そしてよく似た文字をとる進藤の言葉は、それと全く違う色をしていることは理解した。
涼も知らない、蓮様も知らない、俺も知らない。誰も知らない何かを、この少女は知っている。
「翡翠くんはさっき言ったよね、涼ちゃんに勝てるところがあれば顧みるんじゃないかと思ったって」
「……ああ、言ったが」
突然話が随分前に戻って戸惑う。しかし進藤はそれが当然の流れのように話した。
「涼ちゃんはいつだって、君のことを顧みていたよ」
馬鹿馬鹿しい、と一笑に付したくなる安っぽい言葉だった。けれど笑い飛ばせるようなものではなかった。今のこの少女が言うのであれば。答えでなくとも、確かに彼女から見た赤霧涼の姿なのだ。
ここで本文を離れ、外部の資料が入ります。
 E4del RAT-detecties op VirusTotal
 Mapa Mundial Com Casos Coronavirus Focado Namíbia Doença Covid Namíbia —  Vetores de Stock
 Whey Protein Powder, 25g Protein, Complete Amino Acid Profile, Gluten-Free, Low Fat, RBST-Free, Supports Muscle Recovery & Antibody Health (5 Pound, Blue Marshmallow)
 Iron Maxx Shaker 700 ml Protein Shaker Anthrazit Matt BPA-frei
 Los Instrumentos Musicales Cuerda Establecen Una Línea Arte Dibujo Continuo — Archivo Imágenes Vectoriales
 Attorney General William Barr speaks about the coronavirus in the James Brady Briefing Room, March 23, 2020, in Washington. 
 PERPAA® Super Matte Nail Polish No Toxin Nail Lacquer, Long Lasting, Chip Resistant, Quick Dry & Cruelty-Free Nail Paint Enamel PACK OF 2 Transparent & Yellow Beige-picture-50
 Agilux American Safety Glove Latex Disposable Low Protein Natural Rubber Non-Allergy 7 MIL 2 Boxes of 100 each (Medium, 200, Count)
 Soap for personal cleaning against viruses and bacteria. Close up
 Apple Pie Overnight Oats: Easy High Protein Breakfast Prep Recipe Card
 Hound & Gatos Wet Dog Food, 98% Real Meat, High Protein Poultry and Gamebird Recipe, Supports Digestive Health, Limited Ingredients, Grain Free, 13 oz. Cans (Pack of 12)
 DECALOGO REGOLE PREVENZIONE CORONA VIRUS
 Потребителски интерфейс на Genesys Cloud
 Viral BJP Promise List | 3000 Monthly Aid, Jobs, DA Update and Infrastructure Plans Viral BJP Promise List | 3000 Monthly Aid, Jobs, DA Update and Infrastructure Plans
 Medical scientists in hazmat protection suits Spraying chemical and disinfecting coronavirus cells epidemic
「涼ちゃんは白樺くんに縋ってるんだ。でもそれを邪魔できる人間はいない。当然だよね。涼ちゃんは完璧であろうとしたし、一欠けらの欠陥も瑕疵も作らないように奔走してた。でも唯一、それを邪魔できる、現状を変えかねない存在がいるよね」
「……それは、」
「翡翠くんだけが、正当に涼ちゃんと御側付きを交代することができる」
「俺は、」
確かに、当初俺が御側付きになるはずだった。けれどきちんと選び、勝負し、そして涼は勝利とその座を手に入れた。
もはやそれは覆らない事実だ。今更俺が取って代わることはありえない。考えたことすらもなかった。
「もしも涼ちゃんが大怪我して仕事が熟せなくなったら?もしも翡翠くんの能力が涼ちゃんを凌ぐものになったら?大人の事情で誰かが挿げ替えを画策したら?」
ありえないことだった。けれど条件を詰めていけば決してその可能性はゼロではなかった。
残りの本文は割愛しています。